**Task description**
Going through the material below, output exactly the lines from the one containing "Colimbo/Moosehead Coach Jacket" through the one containing "Tanta Angep Skirt Black", and no pictures.

(Information supplied)

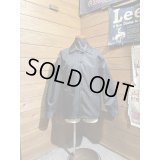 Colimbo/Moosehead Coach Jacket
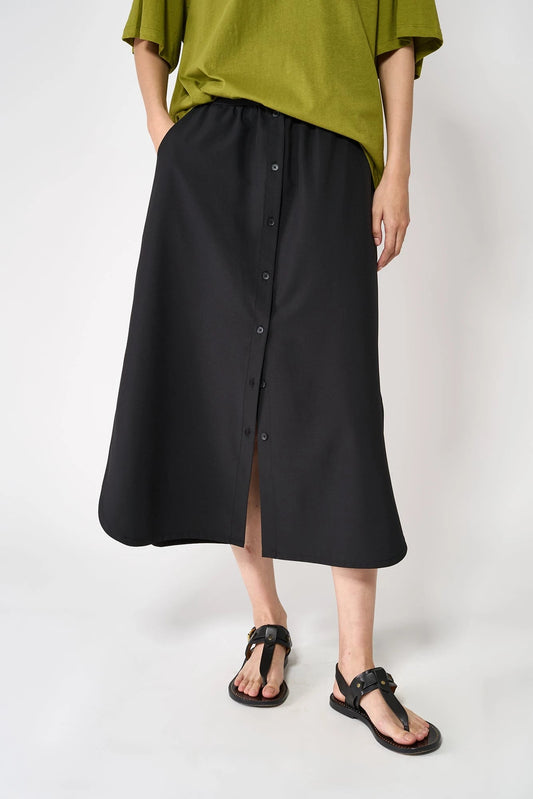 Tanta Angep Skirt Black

(End Information supplied)
(Information supplied)

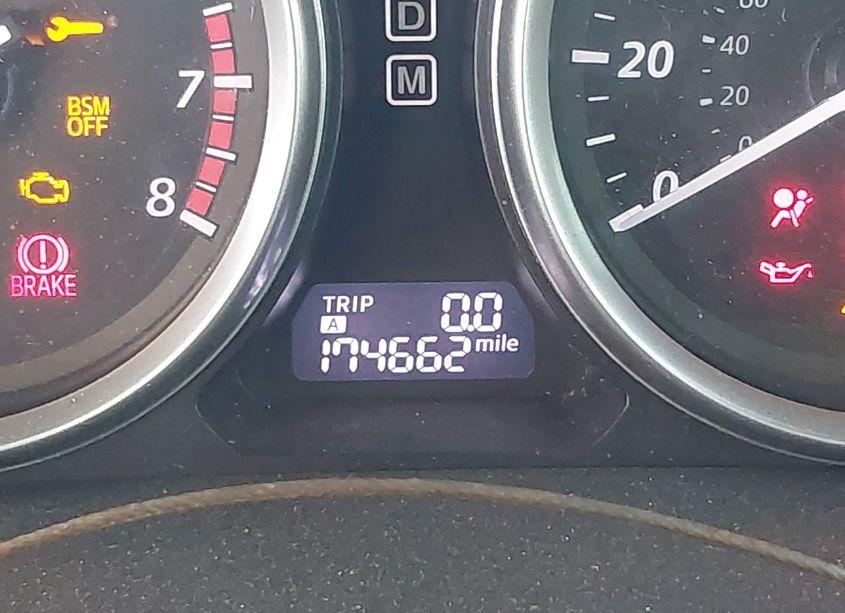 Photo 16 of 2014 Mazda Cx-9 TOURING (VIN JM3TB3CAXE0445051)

(End Information supplied)

**Exercise solution**
 Colimbo/Moosehead Coach Jacket
 Tanta Angep Skirt Black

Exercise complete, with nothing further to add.